### Aim of the task
Please take the records that follow and repeat exactly the lines starting with the line with "2021 Panini Mosaic" and going on through the line with "Codex Lost (PS5)".

### Provided records
+===+

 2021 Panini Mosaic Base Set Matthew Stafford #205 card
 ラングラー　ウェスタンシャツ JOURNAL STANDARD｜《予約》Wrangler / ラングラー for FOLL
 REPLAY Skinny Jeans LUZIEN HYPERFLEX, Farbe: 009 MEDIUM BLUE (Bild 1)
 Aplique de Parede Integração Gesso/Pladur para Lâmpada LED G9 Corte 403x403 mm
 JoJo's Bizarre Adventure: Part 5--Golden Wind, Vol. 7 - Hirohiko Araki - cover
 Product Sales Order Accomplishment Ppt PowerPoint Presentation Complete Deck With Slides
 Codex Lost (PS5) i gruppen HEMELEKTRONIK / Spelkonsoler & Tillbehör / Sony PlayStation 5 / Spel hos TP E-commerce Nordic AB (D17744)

+===+

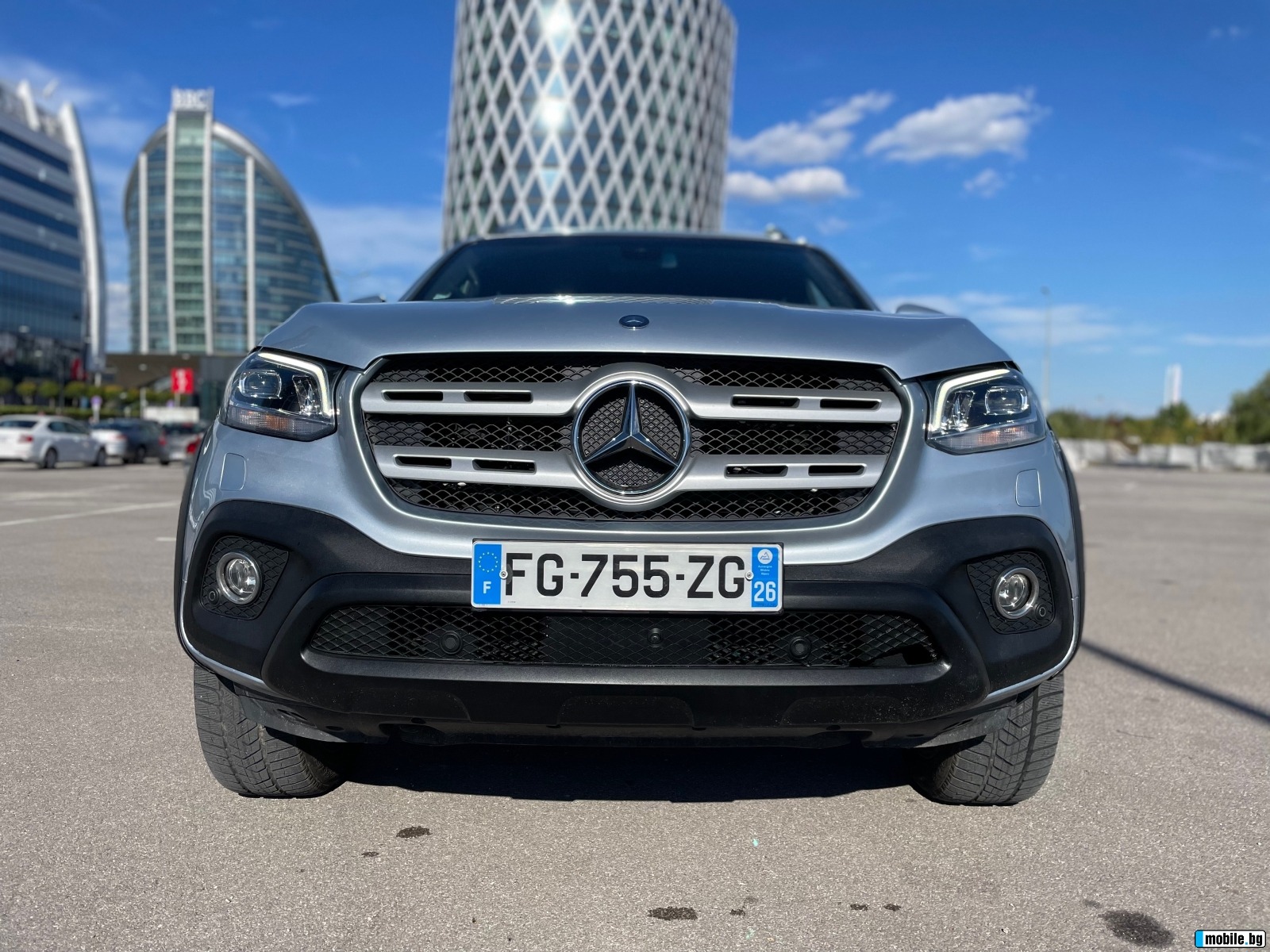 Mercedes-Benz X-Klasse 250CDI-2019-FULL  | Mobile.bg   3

+===+

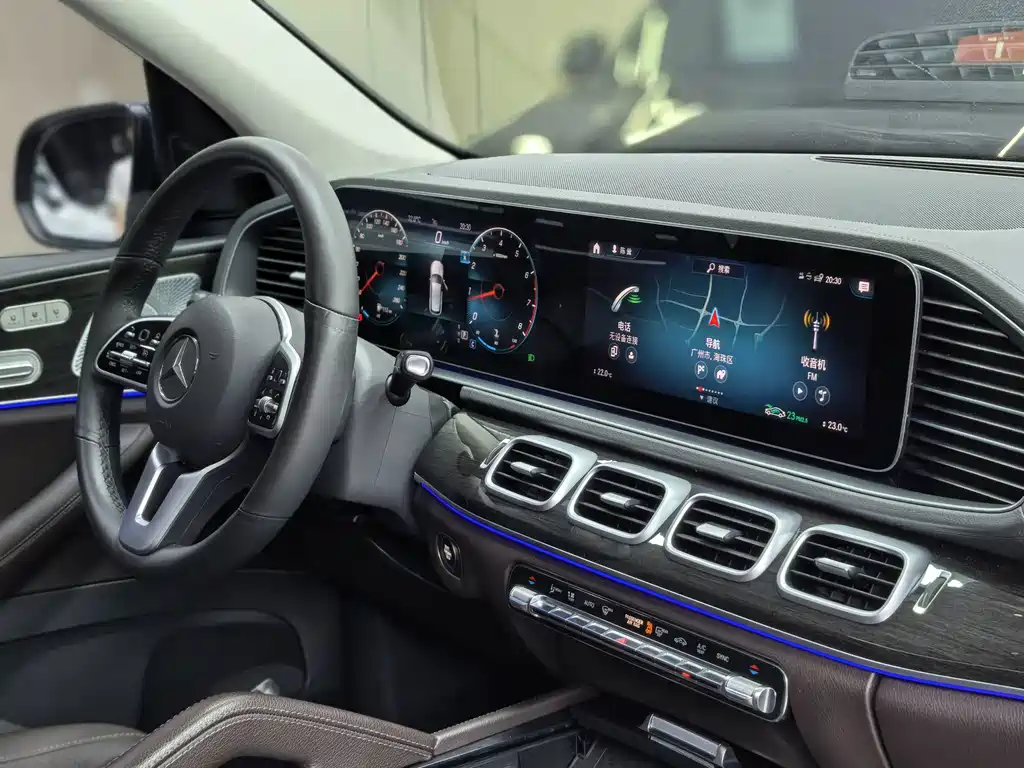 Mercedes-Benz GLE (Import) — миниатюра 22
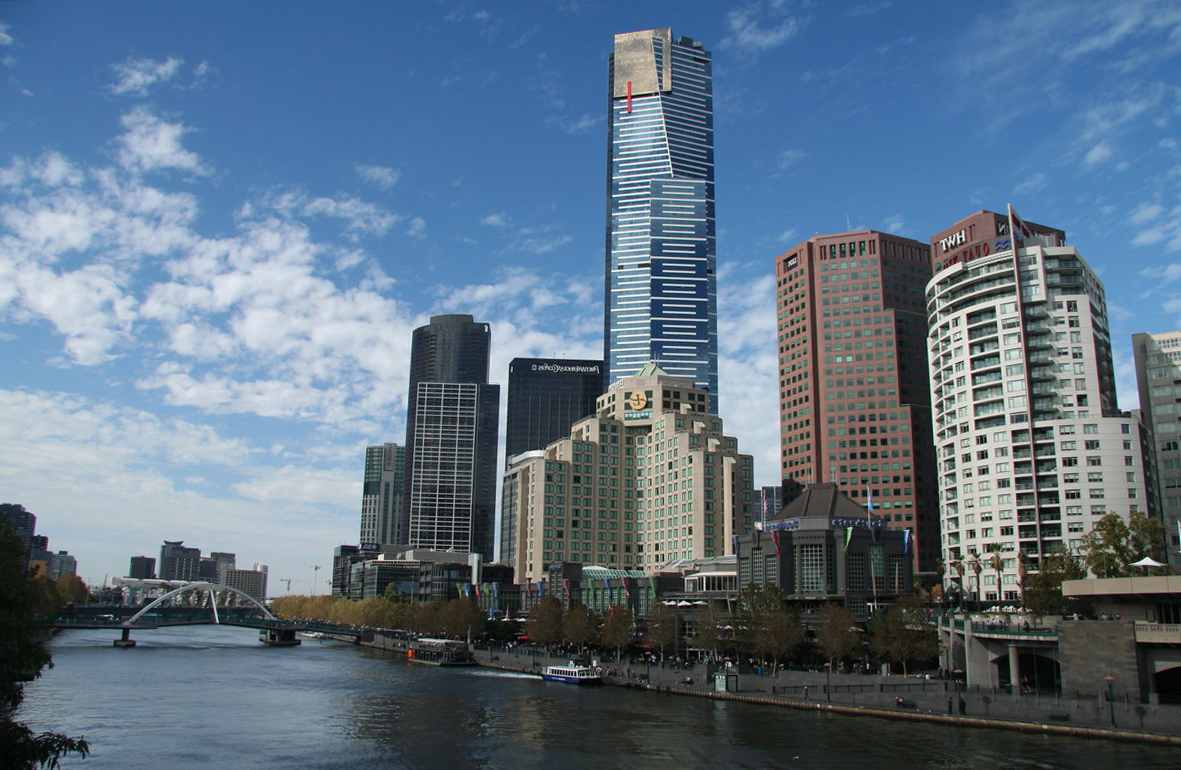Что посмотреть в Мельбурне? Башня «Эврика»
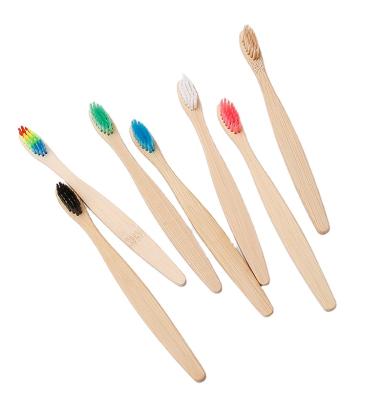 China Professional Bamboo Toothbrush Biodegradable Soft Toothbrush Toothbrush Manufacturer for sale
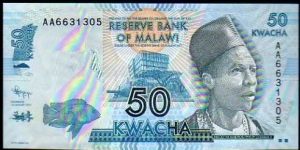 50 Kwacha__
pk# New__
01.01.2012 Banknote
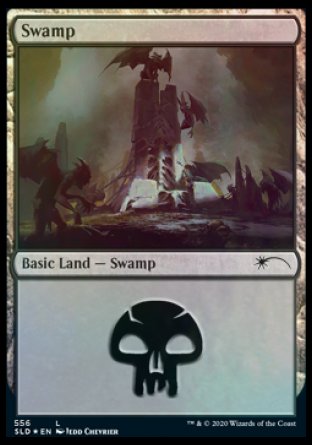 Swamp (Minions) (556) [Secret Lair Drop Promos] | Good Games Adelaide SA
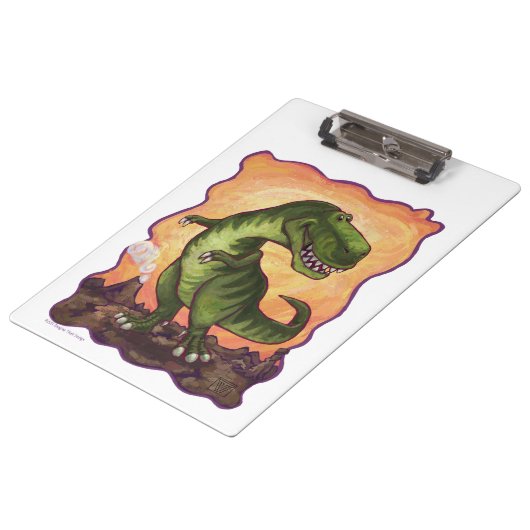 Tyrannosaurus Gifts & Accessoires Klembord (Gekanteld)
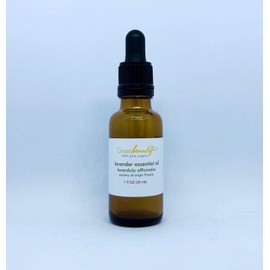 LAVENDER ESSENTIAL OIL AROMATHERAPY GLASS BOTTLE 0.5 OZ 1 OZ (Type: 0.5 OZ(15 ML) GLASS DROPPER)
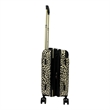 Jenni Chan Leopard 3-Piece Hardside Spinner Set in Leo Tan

+===+

### Solution to the exercise
 2021 Panini Mosaic Base Set Matthew Stafford #205 card
 ラングラー　ウェスタンシャツ JOURNAL STANDARD｜《予約》Wrangler / ラングラー for FOLL
 REPLAY Skinny Jeans LUZIEN HYPERFLEX, Farbe: 009 MEDIUM BLUE (Bild 1)
 Aplique de Parede Integração Gesso/Pladur para Lâmpada LED G9 Corte 403x403 mm
 JoJo's Bizarre Adventure: Part 5--Golden Wind, Vol. 7 - Hirohiko Araki - cover
 Product Sales Order Accomplishment Ppt PowerPoint Presentation Complete Deck With Slides
 Codex Lost (PS5) i gruppen HEMELEKTRONIK / Spelkonsoler & Tillbehör / Sony PlayStation 5 / Spel hos TP E-commerce Nordic AB (D17744)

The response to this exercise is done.